# Root



## ChrisC (Oct 20, 2012)

To root or not to root. That is the question. Hmmmm.


----------



## Mojofilter (Oct 21, 2012)

I rooted my S3 last night and installed CM10...

It's insanely faster than Touchwiz & you get Google Now err... Now (although you get that very soon anyway if you wait). 

Only downside is that most mobile banking apps won't work on a rooted device. 

On balance I'd do it again because it really is much, much faster.


----------



## Mojofilter (Oct 21, 2012)

It's probably worth noting that at this point I don't know how much the speed increase is down to project butter (which will come shortly without rooting), or down to the removal of all the Samsung bloatware which will presumably still be an issue with the official update.

Probably a bit of both.


----------



## dervish (Oct 22, 2012)

I rooted a while ago and originally stuck cm9 on. It was loads faster, then put cm10 on which is a little bit faster. TBH I didn't notice a massive difference, changing the animation speed actually makes much more of a noticeable difference in the real world. 
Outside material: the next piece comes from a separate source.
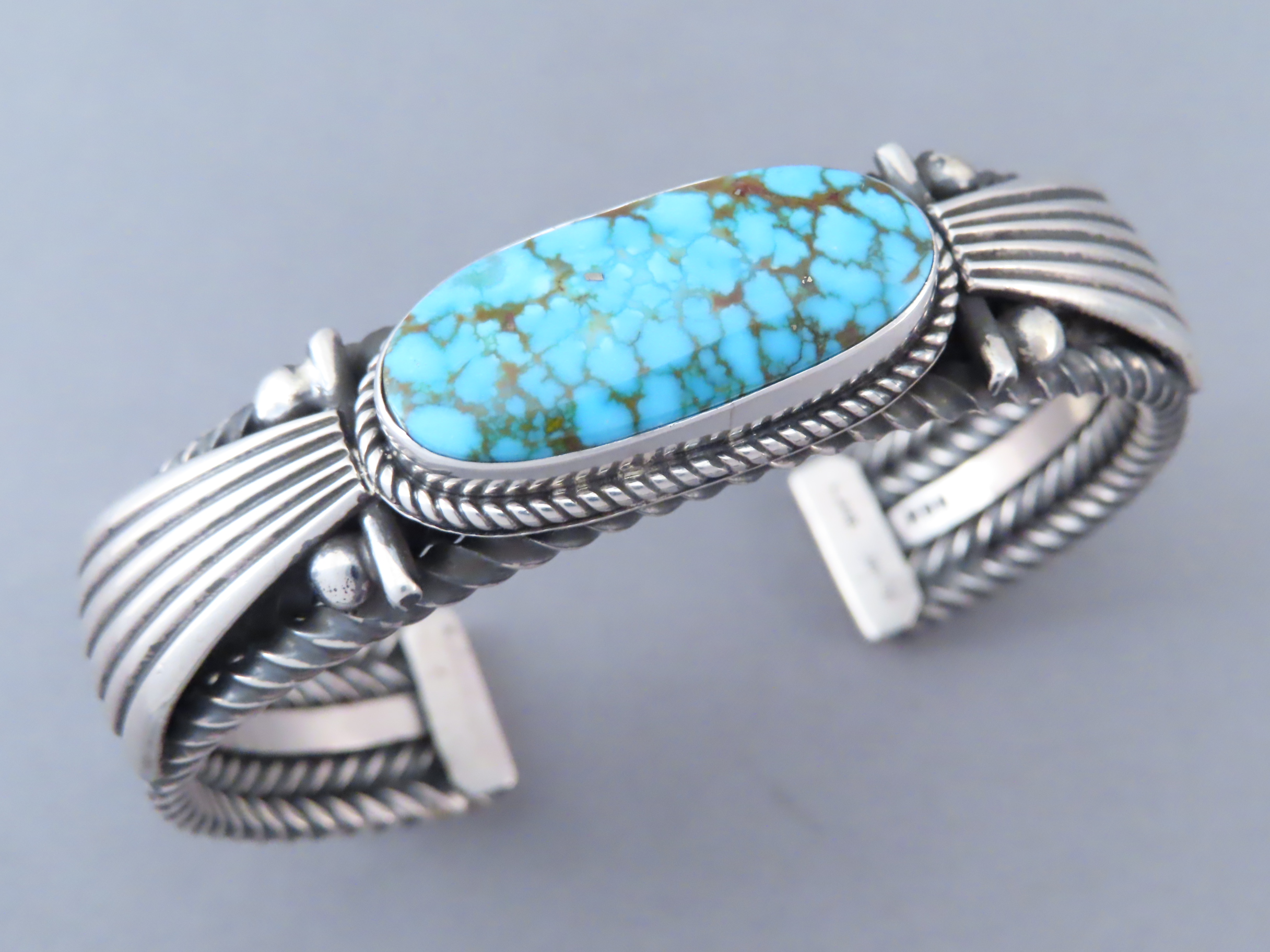 Large & Heavy Kingman Turquoise Cuff Bracelet by Albert Jake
Google now is awesome though, I use it loads more than I thought I would. 

I would root tbh, not found anything that I want that won't work with a rooted phone, and as you can (I think) temporally unroot there is no real reason not to.


----------



## Hocus Eye. (Oct 22, 2012)

Google Now looks impressive in its web advert, although as said in post 2 it will come with the upgrade to Jelly Bean. There is a similar app already on the Galaxy 3, that is S Voice if you don't mind having a chat with your phone.

I have a bit of concern that Google Now might become a bit like Big Brother though. You are constantly giving it information about your location, destinations, and activities. This information gets stored by Google who can then use it to deliver advertising to you, or you to the advertisers.

CM10 is obviously a rom. Can anyone tell me about different roms that are suitable for the Galaxy 3 or perhaps other phones of interest to people here.


----------



## Mojofilter (Oct 22, 2012)

I got my ROM info from CNET (http://reviews.cnet.co.uk/mobile-phones/top-5-samsung-galaxy-s3-custom-roms-50009440/), although I was always going to go with CM10 because I've got CM9 on my HP Touchpad and I'm very pleased with it.
Looking at that article I can't really see that there's much meaningful difference between them all.

Google Now is infinitely superior to S Voice, although you're probably right with the big brother thing.
Some people might find it a little creepy, for instance I just Google searched a shop in Manchester (on my laptop) and when I checked the notification area on my phone it was telling me that traffic is a little heavy and that I should expect an 11 minute delay if I set off now.
On the other hand, it's useful information.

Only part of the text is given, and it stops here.